Heutzutage besuchen mehr als 14000 kasachische Studenten chinesische Universitäten, die gezielt um weitere werben. Gleichzeitig gibt es in Kasachstan sechs Konfuzius-Institute. Aber es besteht durchaus die Furcht vor einer „Invasion” chinesischer Immigranten, die Einheimischen Arbeitsplätze wegnehmen oder sogar Gebietsansprüche stellen könnten. 

Als die Behörden es 2016 versäumten, bei einer später verworfenen Landreform von Anfang an deutlich zu machen, dass Ausländer kein Land in Kasachstan besitzen dürfen, kam es zu heftigen Protesten. Durch das Grenzabkommen mit China 1995 waren nämlich lediglich 43 Prozent der umstrittenen Landfläche bei Kasachstan verblieben. Nur etwas über drei Prozent der Kasachen heißen Investitionen aus China gut und fast die Hälfte der Bevölkerung hat ein negatives Bild von der BRI. Auch die Internierungslager in der überwiegend von Moslems bewohnten ostchinesischen Provinz Xinjiang, in denen einige der ethnischen zirka 1,5 Millionen Kasachen mit chinesischem Pass inhaftiert sein sollen, sind im zu 70 Prozent muslimischen Kasachstan zu einem heiklen innenpolitischen Thema geworden. Doch die dagegen protestierende kasachische Chinesin Sairagul Sauytbay musste mittlerweile Asyl in Schweden beantragen, nachdem man es ihr im Ok-tober 2018 in Kasachstan mit Rücksicht auf China verweigert hatte. Der im Rahmen eines „Rück-kehrerprogrammes“ eingebürgerte Kasache Serikschan Bilasch, der im Frühjahr 2017 die Organisation „Freiwillige des Vaterlandes“ gegründet und zum „Dschihad” gegen Chinesen aufgerufen hatte, gab kürzlich erst nach Androhung von sieben Jahren Haft auf. 

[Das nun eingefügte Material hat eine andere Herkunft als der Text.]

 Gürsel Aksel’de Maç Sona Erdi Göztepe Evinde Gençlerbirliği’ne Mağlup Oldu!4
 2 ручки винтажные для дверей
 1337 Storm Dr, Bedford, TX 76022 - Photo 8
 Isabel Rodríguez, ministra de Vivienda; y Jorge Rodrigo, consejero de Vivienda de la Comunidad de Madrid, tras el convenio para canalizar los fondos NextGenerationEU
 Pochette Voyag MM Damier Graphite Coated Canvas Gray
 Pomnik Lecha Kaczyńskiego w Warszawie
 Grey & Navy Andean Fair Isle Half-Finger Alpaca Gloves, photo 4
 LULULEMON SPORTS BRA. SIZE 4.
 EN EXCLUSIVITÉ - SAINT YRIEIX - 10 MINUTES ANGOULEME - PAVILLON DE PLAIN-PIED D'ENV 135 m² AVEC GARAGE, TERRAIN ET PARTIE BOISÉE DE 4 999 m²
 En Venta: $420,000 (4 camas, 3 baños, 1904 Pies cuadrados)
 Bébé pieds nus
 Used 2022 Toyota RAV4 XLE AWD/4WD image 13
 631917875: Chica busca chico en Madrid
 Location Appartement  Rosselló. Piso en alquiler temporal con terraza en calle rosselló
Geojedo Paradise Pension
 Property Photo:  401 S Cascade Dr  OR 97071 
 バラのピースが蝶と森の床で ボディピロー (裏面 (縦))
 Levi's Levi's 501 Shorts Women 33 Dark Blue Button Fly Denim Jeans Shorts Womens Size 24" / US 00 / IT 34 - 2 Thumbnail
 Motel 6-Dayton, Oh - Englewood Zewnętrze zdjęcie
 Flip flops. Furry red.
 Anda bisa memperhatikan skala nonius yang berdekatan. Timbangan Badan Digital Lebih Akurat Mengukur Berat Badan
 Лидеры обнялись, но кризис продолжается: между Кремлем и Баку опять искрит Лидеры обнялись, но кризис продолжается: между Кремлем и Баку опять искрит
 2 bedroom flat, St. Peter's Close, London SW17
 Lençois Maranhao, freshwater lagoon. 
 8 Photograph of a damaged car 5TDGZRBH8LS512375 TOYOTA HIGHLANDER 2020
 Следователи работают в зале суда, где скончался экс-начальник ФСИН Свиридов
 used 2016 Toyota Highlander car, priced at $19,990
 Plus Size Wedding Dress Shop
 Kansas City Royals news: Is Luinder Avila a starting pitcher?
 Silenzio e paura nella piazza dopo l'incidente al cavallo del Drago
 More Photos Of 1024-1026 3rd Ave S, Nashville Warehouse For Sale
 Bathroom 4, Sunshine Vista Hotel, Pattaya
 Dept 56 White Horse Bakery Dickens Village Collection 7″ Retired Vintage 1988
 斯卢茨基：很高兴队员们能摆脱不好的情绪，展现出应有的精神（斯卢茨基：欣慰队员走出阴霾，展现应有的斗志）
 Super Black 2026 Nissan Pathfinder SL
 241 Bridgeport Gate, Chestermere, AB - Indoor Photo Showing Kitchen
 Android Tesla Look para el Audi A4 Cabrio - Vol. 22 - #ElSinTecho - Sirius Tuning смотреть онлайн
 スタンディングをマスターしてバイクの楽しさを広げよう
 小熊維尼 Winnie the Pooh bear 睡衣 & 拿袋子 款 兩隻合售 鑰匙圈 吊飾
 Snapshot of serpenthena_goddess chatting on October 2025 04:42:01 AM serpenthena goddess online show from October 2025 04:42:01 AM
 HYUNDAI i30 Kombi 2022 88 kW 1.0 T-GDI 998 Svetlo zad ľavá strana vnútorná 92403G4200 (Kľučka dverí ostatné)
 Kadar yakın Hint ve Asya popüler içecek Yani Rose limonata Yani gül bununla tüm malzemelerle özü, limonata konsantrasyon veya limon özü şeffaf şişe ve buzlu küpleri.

Trotz der markanten Worte der Führungsriegen ist eine echte Freundschaft zwischen beiden Völkern aufgrund der ethnischen Spannungen daher unwahrscheinlich. Als Erbe des Zarentums und der Sowjetunion bleibt Kasachstan Teil der russischsprachigen Sphäre und die Annäherung an das Reich der Mitte eine wirtschaftliche Notwendigkeit.